被雄性獸人緊緊盯上的小狐貍,后退一步,再次靠回到了門上,她強撐著回答道:“我,我知道的。”
“既然知道,你又是怎么敢報戰斗系的?你是覺得自己精神力強大,還是覺得自己力量非凡?”
他將她再次堵在了門邊,支起手臂化作牢籠,霸道地不允許她逃脫,緊接著居高臨下的俯視著她看。

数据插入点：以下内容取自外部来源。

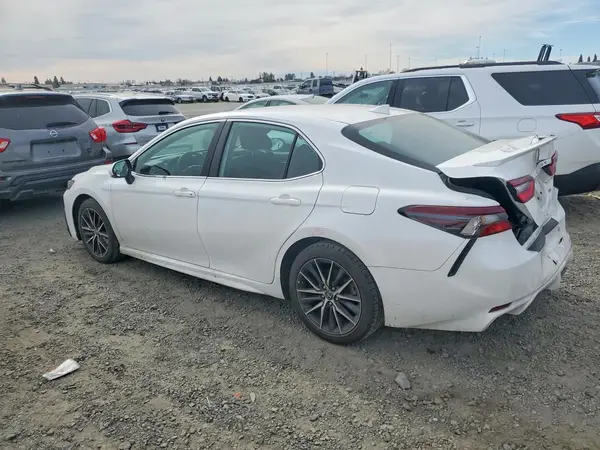 4T1G11AK4NU682054 2022 TOYOTA CAMRY - Image 2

“可惜這兩個你都沒有,戰斗系每年都有一個傳統,那就是通過打架來確定地位等級,一般他們都會先拿最弱的開刀。而你這只脆弱又不堪一擊的小狐貍,會是很好的開刀對象,你說那些眼中只有戰斗的發狂野獸們會怎么對你呢?”
可憐的小狐貍被他嚇得小臉煞白。
可白朗依舊對她不依不饒地繼續“羞辱”著:“還是說你的心根本就沒在正途上,就喜歡戰斗系的那群野獸們對你發狂?”他根本沒辦法忽略她身上刺鼻的香水味,她刻意把自己打扮的花枝招展,引人注目。跑到戰斗系那個幾乎全是惡臭雄性的地方招搖過市,目的已經很顯然易見了。她就是想勾引那些沒有腦子的雄性獸人為她爭風吃醋,她順理成章的在其中撈好處。
想來白朗就是她的第一個受害者了,初次見面就被她忽悠著把自己的身份識別卡給她了,要知道這個身份識別卡聯通星網,和本人休戚相關,其中的權限可不只是打開一個休息室那么簡單,要是她拿著這個識別卡去做壞事,受累的只有白朗本人。
寧瑤不明白他這句話的意思,她怎么可能想看戰斗系的獸人對她發狂,那她不就被打死了嗎!
她想,白朗是戰斗系的,那么眼前這個雄性獸人可能也是戰斗系的,所以他就是想給她下馬威,也就是說,他想打她!